The judge largely sidestepped this issue: “I do not want this judgment to be misread as holding that the SPG, and at this level of detail, must as a matter of law be in the London Plan or alternatively that the SPG cannot lawfully be included in the Plan as policy“. He did not interfere with the Mayor’s decision to treat the matters as appropriate for an SPG.

He commented that whether the emerging policies that reflect those SPG requirements are appropriately strategic for the Plan will be a matter for the inspector to determine following his or her examination of it: “They may contain a level of detail for the control of negotiations in quite small forms of development, and larger non-PSI developments, which excludes them from s334, though I do not doubt that the levels of affordable housing developed on new housing sites, can be seen as a strategic matter. In particular, when the draft London Plan goes for public examination, the question of whether draft policy H6, which takes the SPG into the draft Plan, is “strategic” and “general” may be one on which the inspector after the examination in public expresses a view. I would not want what I say to resolve the content of the draft London Plan, in advance of any inspector’s consideration and report.”

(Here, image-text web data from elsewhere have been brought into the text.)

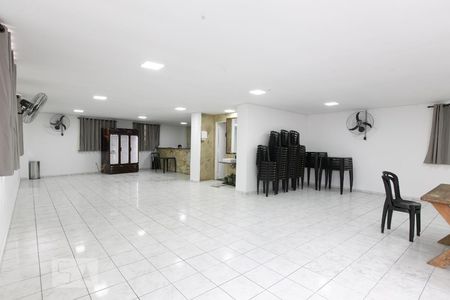 Apartamento para alugar com 55m², 2 quartos e sem vagaSalão de Festas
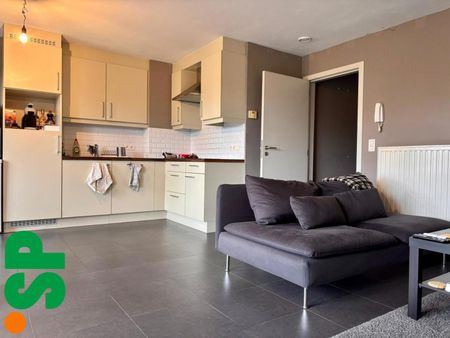 Ruim appartement nabij het centrum van Geel met 2 slaapkamers en terras. - Foto 3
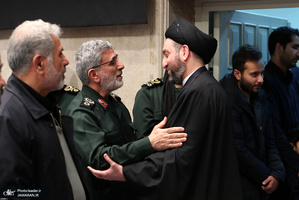 مراسم بزرگداشت شهید حاج قاسم سلیمانی و همرزمانش در حسینیه امام خمینی (ره)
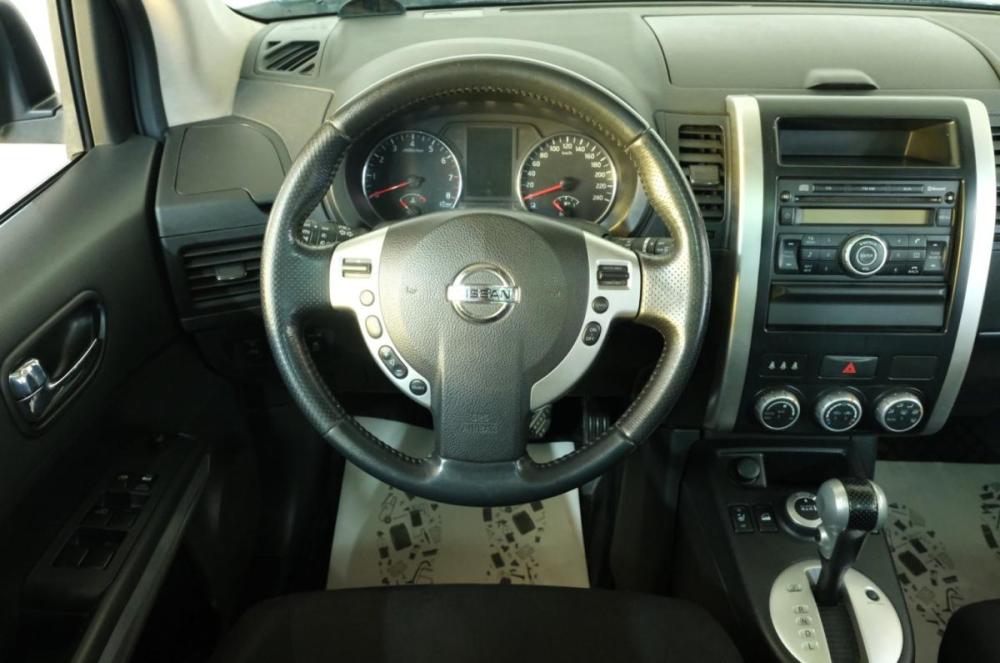 Nissan X-Trail II Рестайлинг Омск  - изображение 12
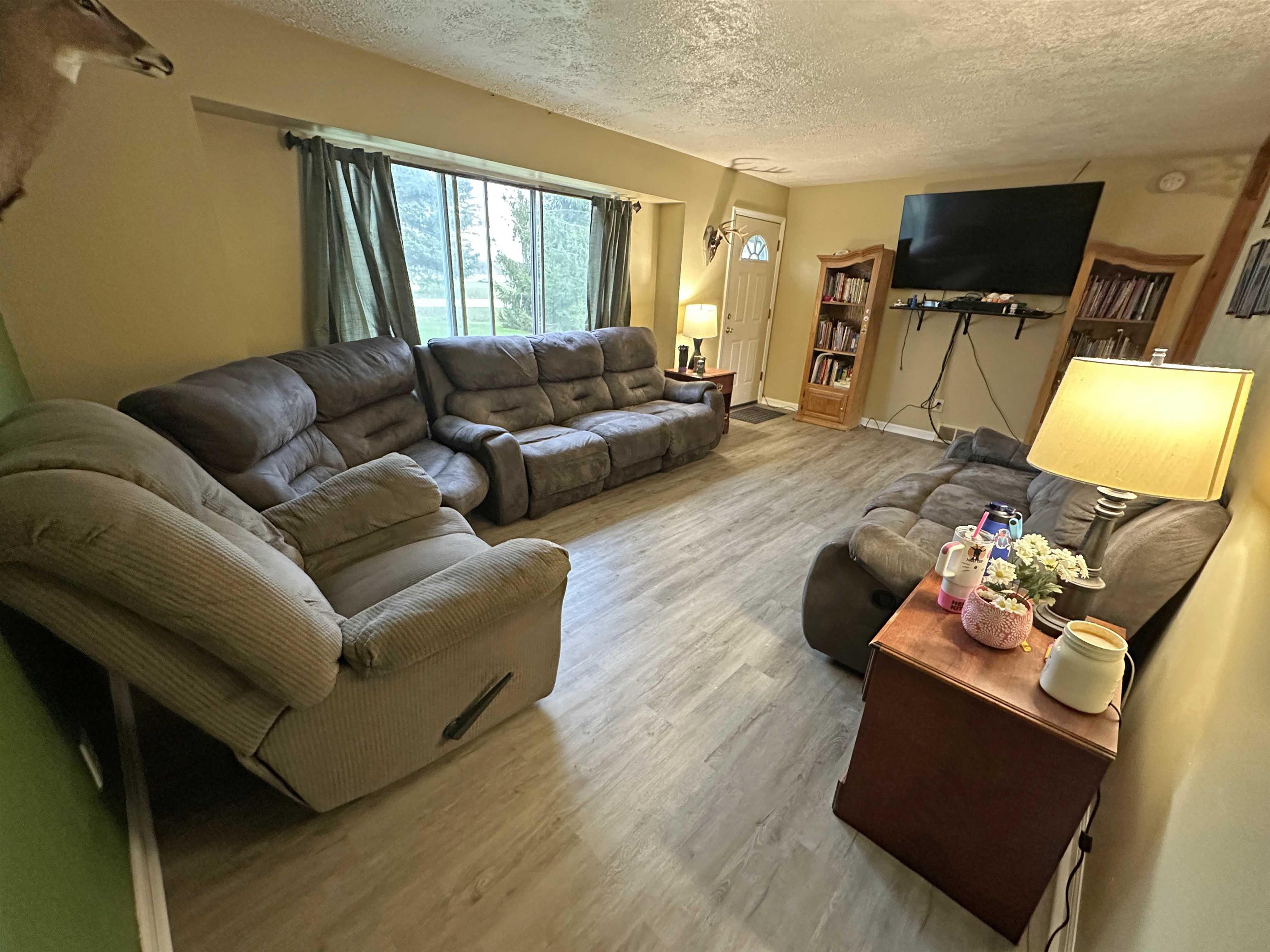 9167 Duffield Road Montrose, MI 48457 - Photo 8 of 28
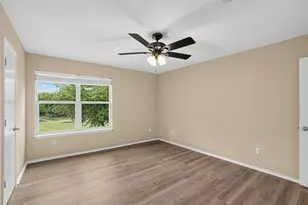 113 Hays Forest Cove, Elgin, TX 78621 - Photo 10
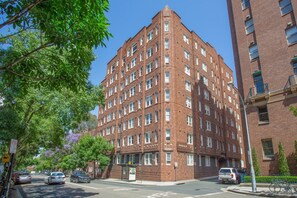 Exterior - Stylish Studio Near Kings Cross Train Station (Elizabeth Bay)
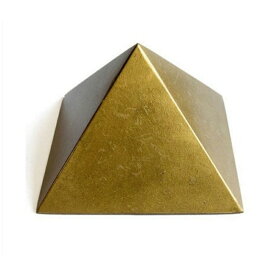 【お買い物マラソン最大 2222 円クーポン配布中】ゴールデン・パワー ピラミッドオブジェ《ボヘミアンオルゴナイト》10×6.5cm【オルゴナイト/電磁波対策/パワースポット/チャクラ/ピラミッド】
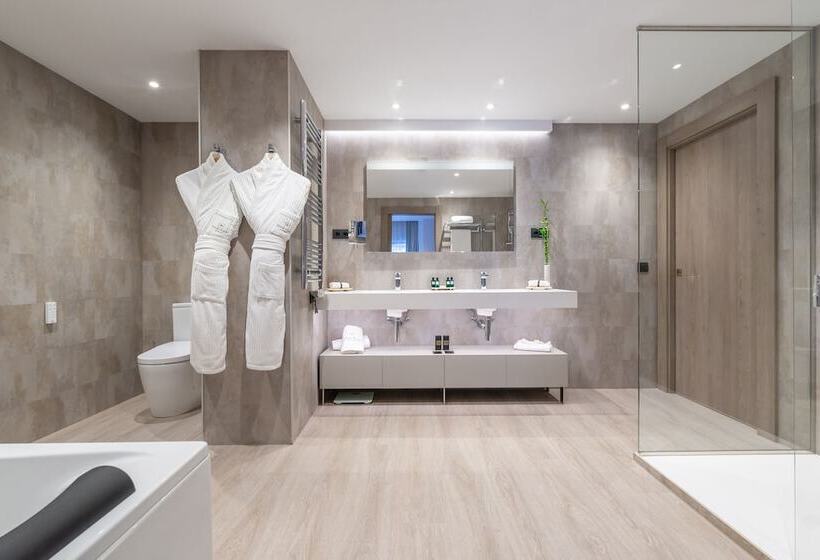 سوییت, Grand Plaza Hotel & Wellness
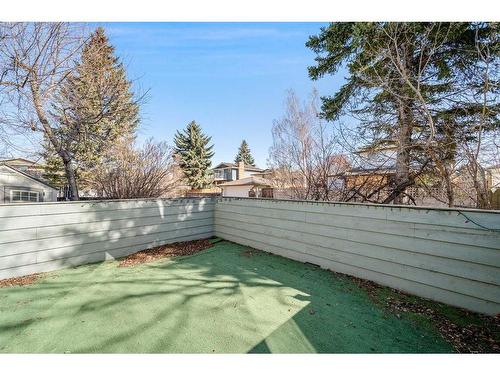 36 Thames Place Nw, Calgary, AB - Outdoor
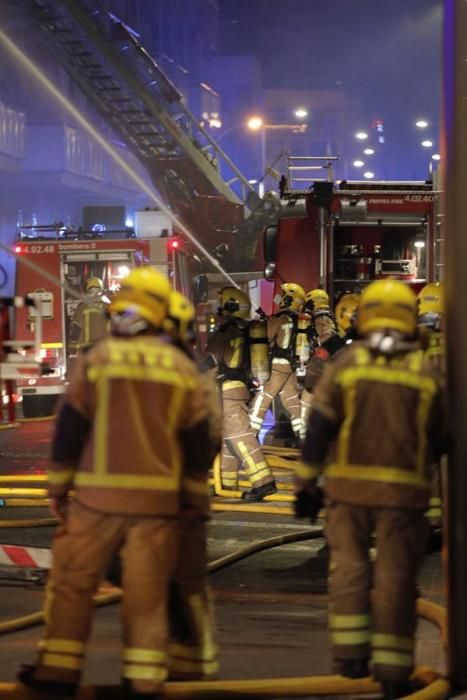 Incendi a una nau abandonada de Badalona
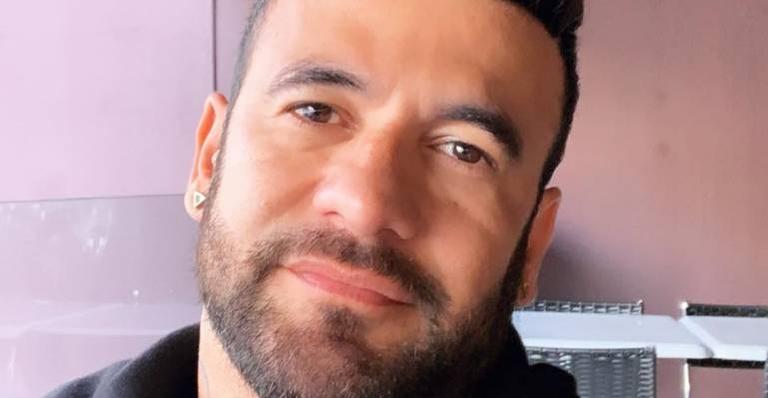 Ex-BBB Hadson Nery celebra nascimento do terceiro filho: ”Meu Mikael chegou”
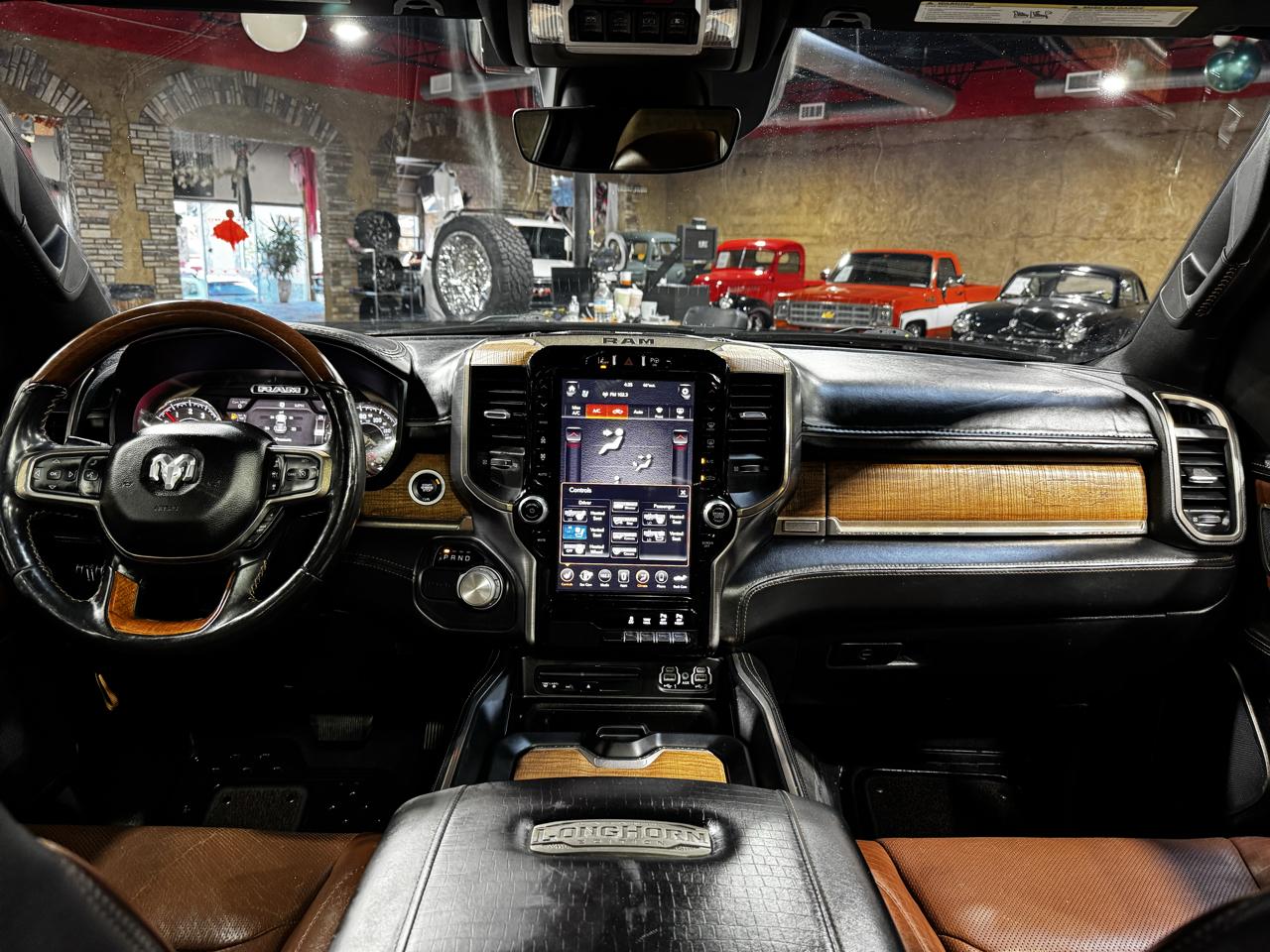 RAM 1500 Longhorn 4x2 Crew Cab 5'7" Box 2019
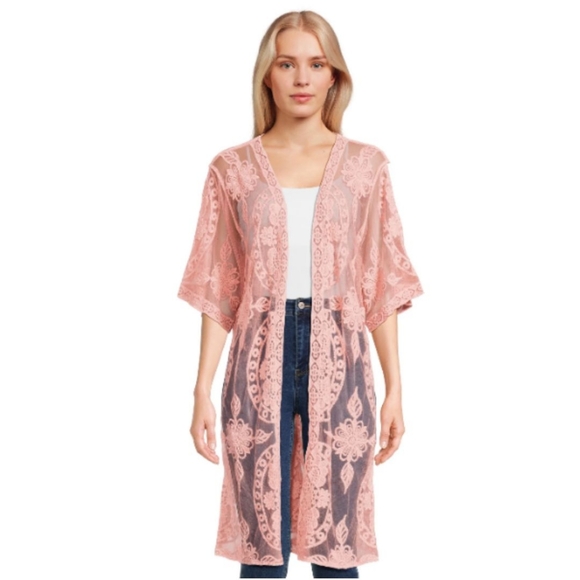 Time and Tru Tops - Lace‎ Layering Piece
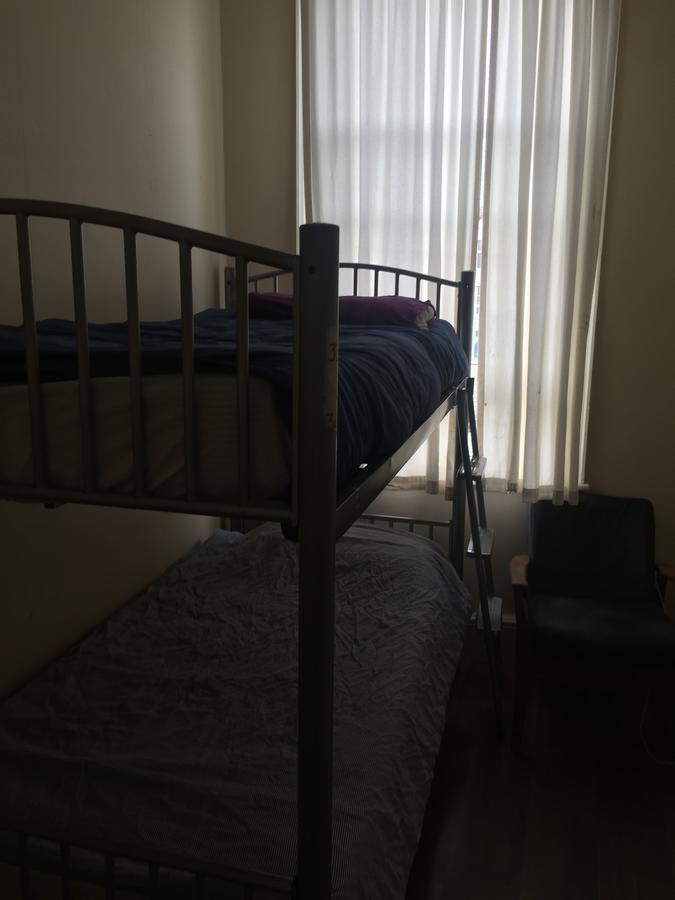 Hostel Ordnance Лондон Екстериор снимка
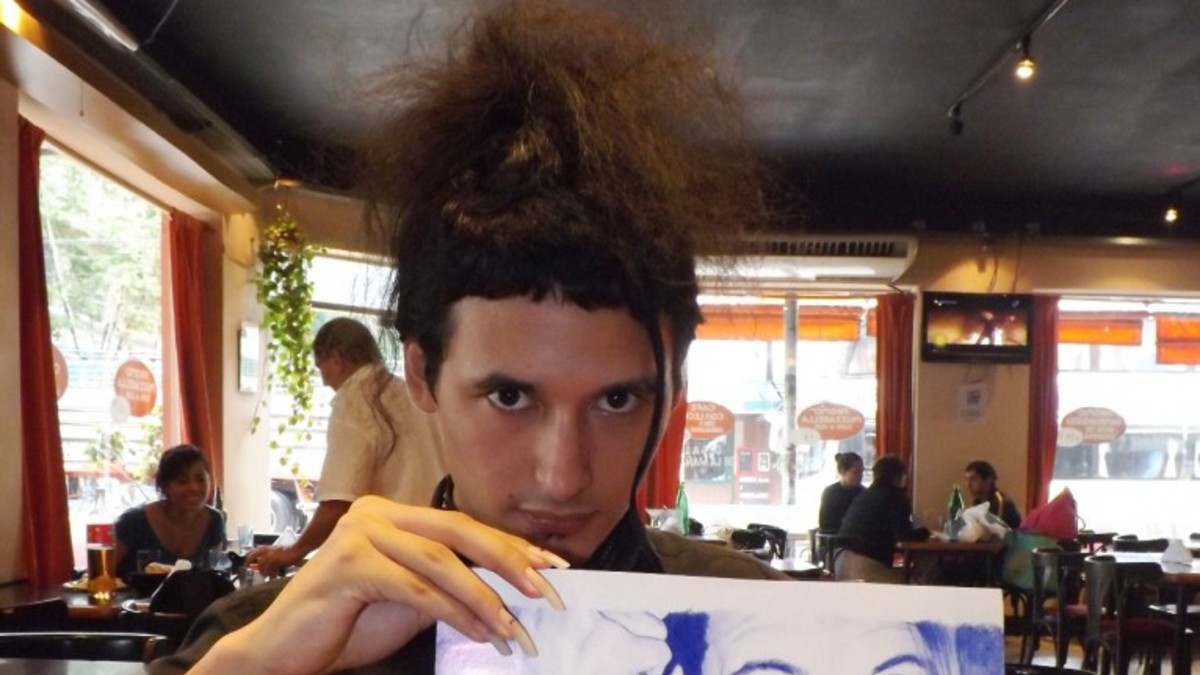 Dibuja con lapicera y expondrá su arte en España Dibuja con lapicera y expondrá su arte en España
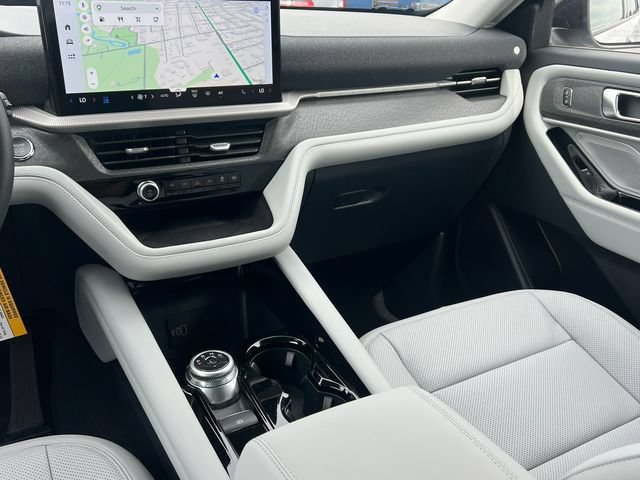 New 2026 Ford Explorer Platinum w/ LUX Leather Package AWD/4WD image 40
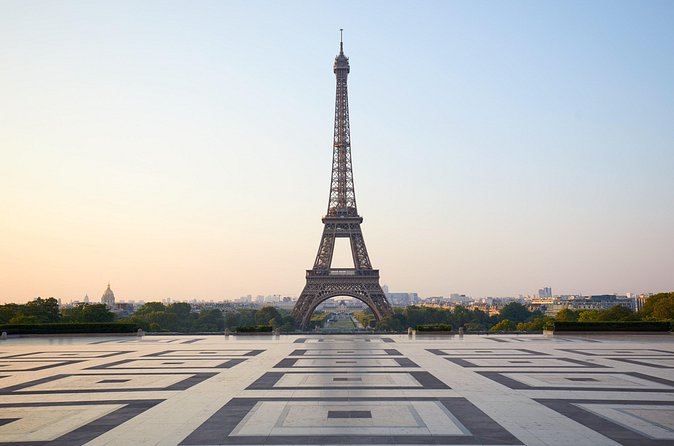 Eiffel Tower Access to Summit with Host - Price and Value, Who This Is Best For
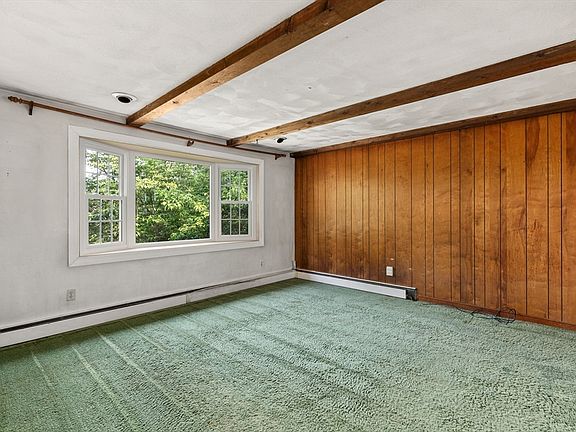 4th image of 65 Green Dr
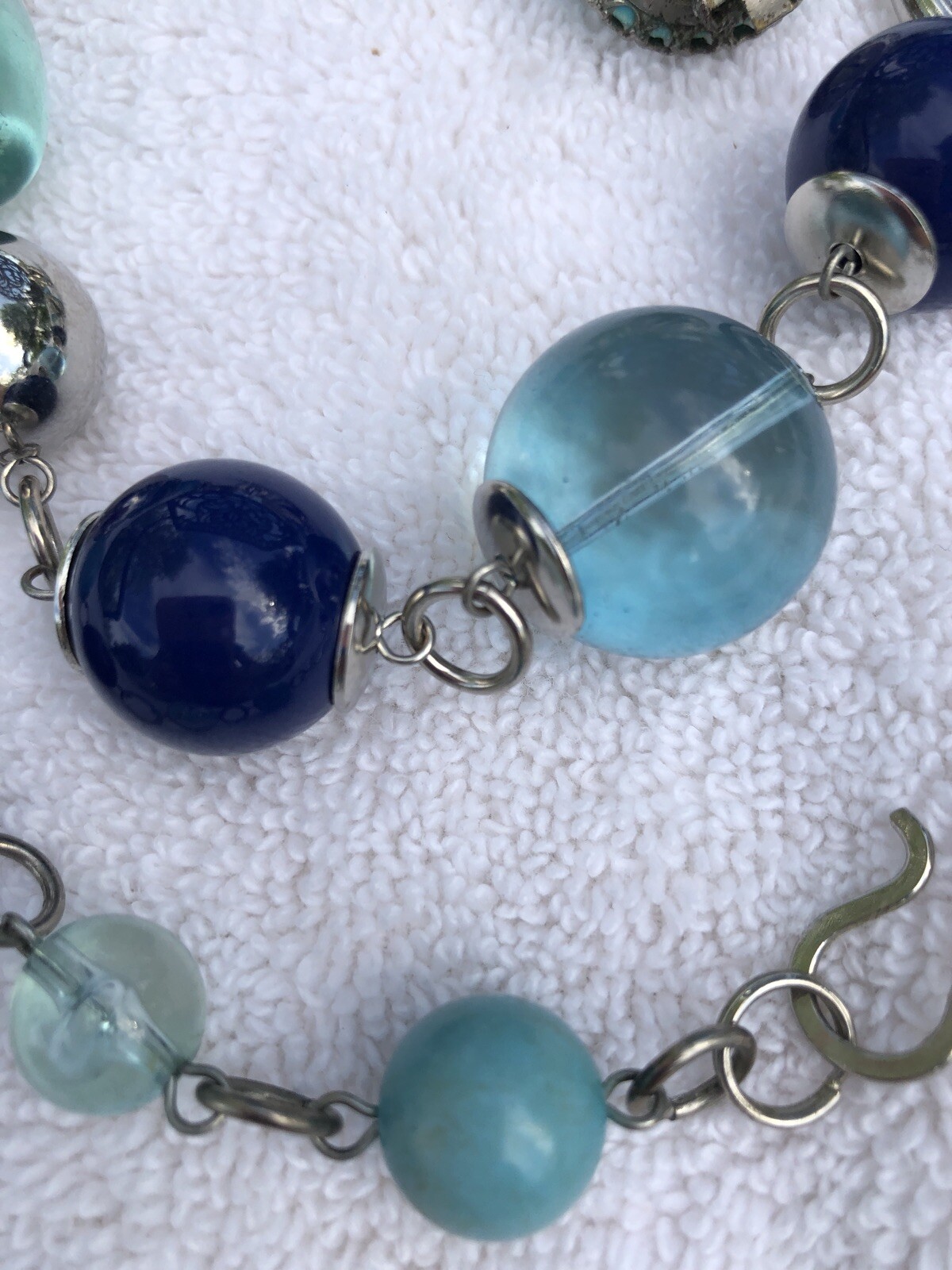 Blue, Turquoise & silvertone chunky bead necklace and clip turquoise earrings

Rupert Warren QC’s second argument under ground 1 was that the SPG was inconsistent with the adopted London Plan. The judge stated:

I am not prepared to hold that conflict with development plan policy of itself makes a non-statutory document unlawful. If it states that it is in conflict with the development plan because that plan is now out of date, for example because of changes in Government policy as might be found in the NPPF, or because the review of the Plan was delayed for proper reasons, I see no basis for it to be unlawful. The weight to be given to it is quite another in the light of s38(6), but the NPPF contains advice which conflicts with development plans up and down the country, and is not on that account unlawful. If an authority seeks to put forward some policy to cover the period when it is out of date, which could happen very quickly with new government policy, I see no reason to hold its actions unlawful. The plan-led system is supported by the proper application of s38(6), which can readily accommodate expressions of policy in conflict with the development plan. It does so often when a new draft plan is issued.”

So, inconsistency of itself does not lead to an SPG being unlawful. However, as identified by the judge:

Here the Mayor clearly did not intend to produce SPG in conflict with the London Plan, let alone to avoid the development plan process. The Executive Summary of the SPG at [4] states that it is “guidance to ensure that existing policy is as effective as possible…it does not and cannot introduce new policy.” Indeed, the consistency of the SPG with the London Plan was a theme of the Defendant’s response to Grounds 2 and 3, SEA and PSED. It is inherent in the concept of SPG that it purports to supplement and not to contradict development plan policy. In so far as he did produce SPG in conflict with the London Plan, he would have misdirected himself as to the meaning and effect of either the Plan or the SPG and so failed, in promulgating it, to have regard to a material consideration. ”

So, inconsistency may well lead to an SPG being unlawful, if the policy-maker did not intend there to be any inconsistency, as was the case with this SPG.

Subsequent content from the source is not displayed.